The Centre for Digital Humanities (CDH) is temporarily located on the 4th floor of the Podium (POD) building (where the School of Law is currently situated) and is planning to have a permanent home in the Library building (LIB) in the future. CDH events are held virtually (on Zoom) and in-person in the TMU Libraries’ Collaboratory.

Join us! If you have an idea for a CDH-hosted event or a question, please contact CDH Director Jason Boyd (jason.boyd@torontomu.ca) or CDH Manager Reg Beatty (rbeatty@torontomu.ca).

CDH Virtual

Drop-Ins

on Zoom

Each month, weekly drop-ins will be dedicated to a specific theme. Tiny Tools Tour, Web Walks, and DH Workbench are explorations of a digital resource or tool for research, creativity, and/or teaching. Stories in Play features discussion of entries in the Playable Stories Archive and episodes of the Playable Stories: Unarchived podcast, both of which are focused on storytelling in games. Reading Bytes is a reading group for discussion of published digital humanities scholarship. DH@TMU Talks feature CDH members presenting their research.

READING BYTES

Tuesday March 4
noon-1:00pm EST

Moral Codes: Designing Alternatives to AIChapter 11: “How Can Stochastic Parrots Help Us Code?” & Chapter 12: “Codes For Creativity and Surprise” (pp. 135-166)

Jason Boyd

Continuing in 2025, Reading Bytes will discuss Alan F. Blackwell’s Moral Codes: Designing Alternatives to AI (MIT Press, 2024). 
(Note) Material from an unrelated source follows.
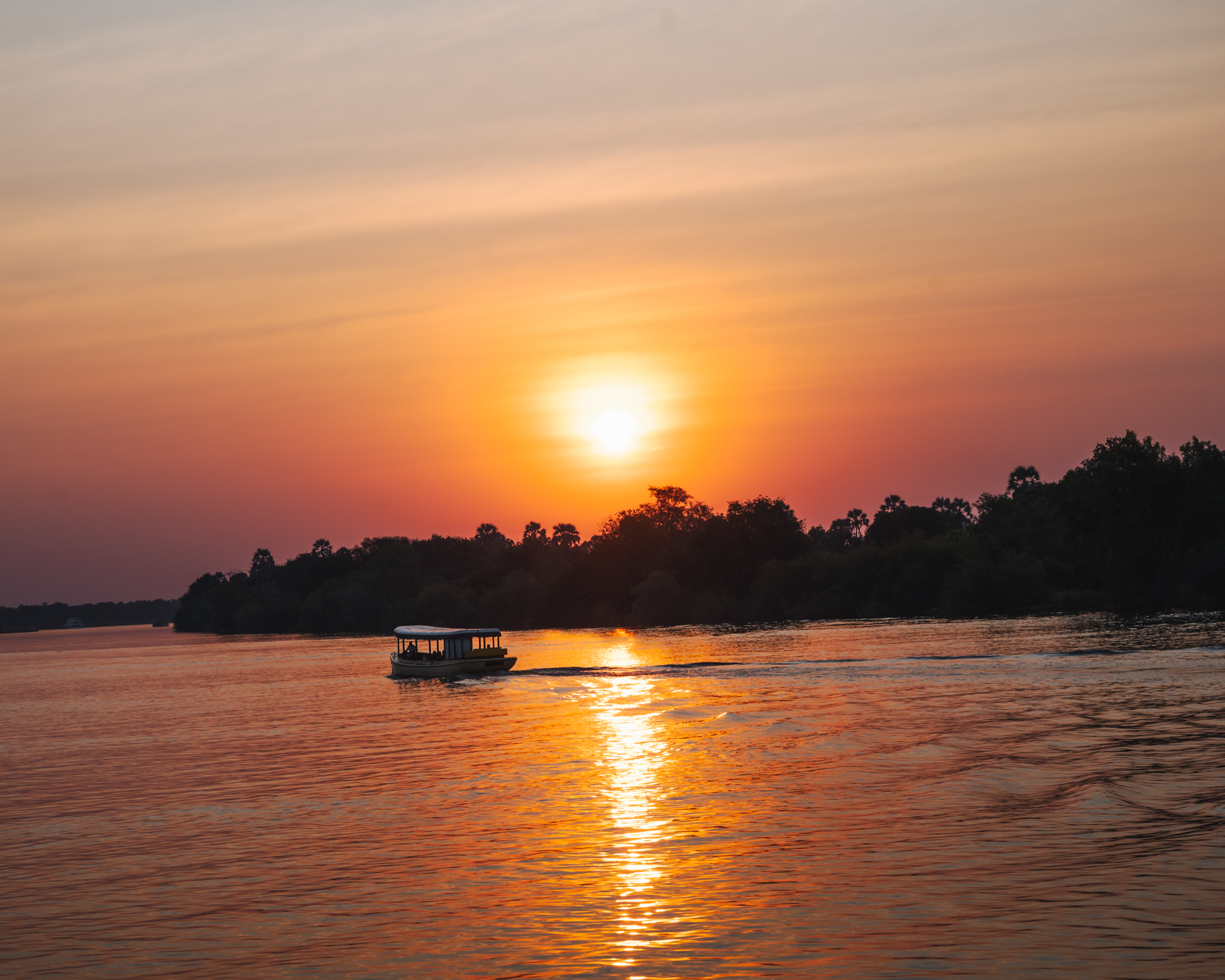 Sailing down the Zambezi River at sunset on a safari river cruise.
Moral Codes: Designing Alternatives to AI focuses on a timely topic that is causing a great deal of concern and anxiety in higher learning and in society more broadly: recent developments in AI (artificial intelligence). Blackwell’s book provides an opportunity to discuss the possibility of a more equitable and beneficial approach to the design and use of AI.
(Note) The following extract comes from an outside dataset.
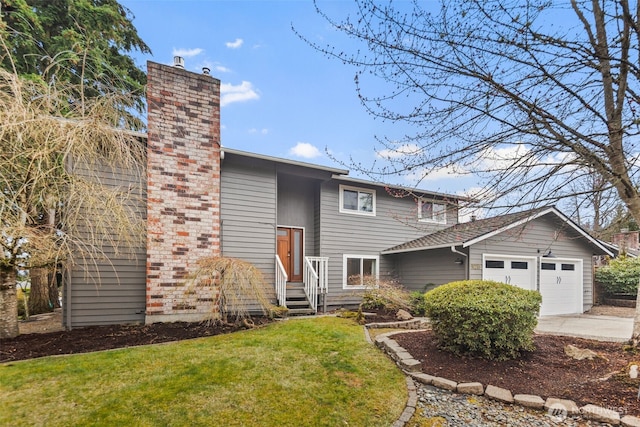 view of front of property featuring a front lawn, driveway, a chimney, and a garage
Each month we will read and discuss one or more chapters of Moral Codes. Participants are free to join discussions any month without having attended earlier Reading Bytes.
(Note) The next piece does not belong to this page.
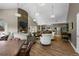 Inviting clubhouse living area with a stone fireplace, plush seating, and a well-equipped kitchen at 4505 S Yosemite St # 125, Denver, CO 80237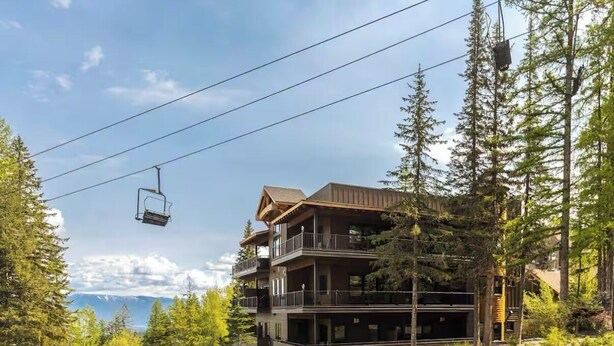 A multi-story lodge with a ski lift in the background, surrounded by trees and mountains.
Moral Codes is available in open access through MIT Press Direct.

WEB WALK

Tuesday March 11
noon-1pm DST

Return to the Gorge: trekking along Nick Montfort’s Taroko Gorge 16 years on…

Reg Beatty

It was in 2009, during a trip to Taiwan, that Nick Montfort  ‘wrote’ a poem about the distinctive landscape of the Liwu River and its surrounding gorge. Perhaps unconsciously he was donning the robes of one of the many Chinese 13th century scholar-poets commemorating a piece of natural beauty, but instead of using calligraphy he composed his work with code. What he couldn’t have predicted was how this small code/poem would be capable of spawning so many variations by so many poets.

This presentation looks back to the original conditions for the creation of Taroko Gorge and how its formal contraints and subsequent reception were able to provoke and inspire its multiple remixes.

STORIES IN PLAY

Tuesday March 18
Noon-1:00pm DST

Overboard! and Murder Mystery Videogames

Jason Boyd

Join Jason in conversation with Jeremy Andriano (MA Candidate, Communication and Culture) to discuss Jeremy’s Playable Stories Archive entry on Inkle’s 2021 Overboard!—described as “a highly replayable detective game where you’re the one whodunnit”—and the genre of the murder mystery videogame.

STORIES IN PLAY

Tuesday March 25
Noon-1:00pm DST

Roundtable on Disco Elysium

Jason Boyd

The Playable Stories: Unarchived podcast team will discuss topics relating to the March episode on Disco Elysium: The Final Cut (2021). Ostensibly a detective RPG, in actuality Disco Elysium is an exploration of politics, economics, ethics, social responsibility and coming to terms with one’s personal demons.